Recharging allows the car to be driven about 100 kilometres on battery power alone before the car's four-cylinder Flexifuel engine is needed to provide electrical power to the concept's four motors and recharge the battery.
Volvo ReCharge Concept made its debut in a specially designed Volvo C30 at the 2007 Frankfurt Motor Show.
"A certain proportion of electrical vehicles will be necessary to meet the CO2 emission demands of the future. Since the Volvo ReCharge Concept combines an excellent battery range with a back-up combustion engine, it is a very interesting concept," says Magnus Jonsson, Senior Vice President Research and Development at Volvo Cars.

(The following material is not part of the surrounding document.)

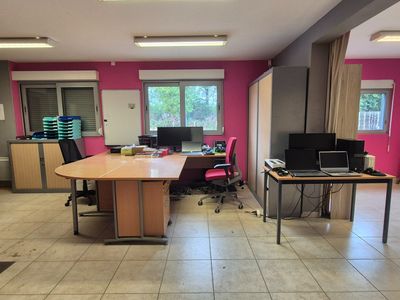 une pièce avec une table, des chaises et un ordinateur portable posé dessus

The ReCharge Concept has been developed at the Volvo Monitoring and Concept Centre (VMCC), the Volvo Car Corporation's think-tank in Camarillo, California (USA).
"This is a ground-breaking innovation for sustainable transportation. A person driving less than 100 kilometres a day will rarely need to visit a filling station. In the USA, this may apply to almost 80 percent of drivers," says Jonsson.
Thanks to the electrical range from a fuel consumption angle, the Volvo ReCharge Concept is kind to the car owner's wallet.
When driving on electric power only, operating costs are expected to be about 80 percent lower than that of a comparable petrol-powered car. When driving beyond the 100 km battery range, fuel consumption may vary from 0 to 5.5 litres per 100 km depending on the distance driven using the engine.
"This plug-in hybrid car, when used as intended, should have about 66 percent lower emissions of carbon dioxide compared with the best hybrid cars available on the market today. Emissions may be even lower if most of the electricity in intended markets comes from CO2-friendly sources such as biogas, hydropower and nuclear power," says Jonsson.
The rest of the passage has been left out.